My friend said, "Just think about how many hungry children you could feed with that money."
Let me pause here to note that I didn't introduce the social justice turn into the conversation. But once she steered it that way I could not resist.
I had mosquito nets on the brain, since we spent last week raising money to buy them during our Vacation Bible School. I said, "A mosquito net that protects a child from malaria costs just $4. How many children could we save with our monthly beer budget?"
There was resistance. I knew there would be. I don't want to give up my wine either. My friend said, "Yeah, but a Lexus costs, what, $40,000? That's a lot more than my beer budget!"
I gently pointed out that people drive their cars for many years. How much do we spend on alcohol every year?
My friends conceded my point. I offered to take alcohol money and transform it into mosquito netting if anyone wanted--money laundering of a different sort! The talk moved on to other subjects.
I'm not going into details here--my mom might read this blog!--but suffice it to say, if we donated just half of our alcohol budgets to buy mosquito nets, we'd save a great many children. And we'd be healthier in all sorts of ways.
We could also think about our charitable giving in terms of our retirement plans. In Colossians Remixed: Subverting the Empire (a theological book I highly recommend), Brian J. Walsh and Sylvia C. Keesmaat have this interesting approach to charitable giving: "One guidepost we work with is that if we ever find in a given year that we have invested more in our won future by way of retirement savings than we have given away for someone else's present need, there is something terribly wrong. We tend to think the ratio should be at least two to one: for every dollar we invest in retirement savings, two dollars should be given away to an agency that will serve the poor" (page 189).

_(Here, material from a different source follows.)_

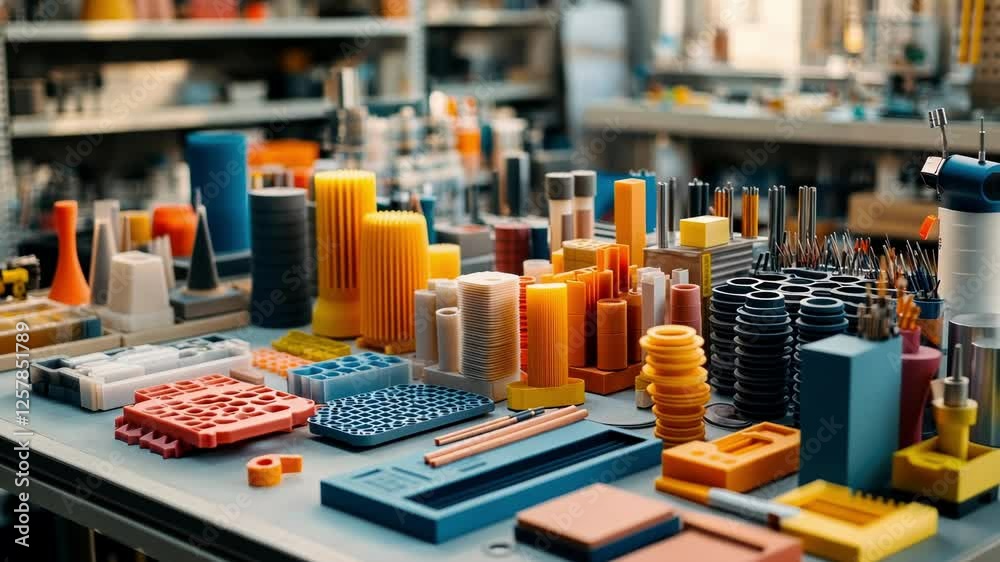 Poster many colorful plastic objects created with 3d printing technology are displayed on a workshop table,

They have solid theological reasons for their giving, but even my atheist friends feel a strong yearning to bring some justice into this lopsided world. Most of us have plenty of money that we could be giving away to help bring some balance. And it's so sobering to realize how far a small amount of money can go, especially in non-industrialized parts of the world.
Once upon a time, I set up all my charitable giving to happen automatically, and then I didn't have to give it much thought unless special fund drives came up. But earlier this year, my credit card was stolen, and I'm still trying to get my spending back in balance. I'm spending too much on discretionary items, like beer and books, and not enough on social justice.
Today is the birthday of the Dalai Lama, a good day to recalibrate my spending towards justice. Our family budgets say so much about us. I want my family budget to say something different: fewer items that will be consumed and then forgotten, more mosquito nets!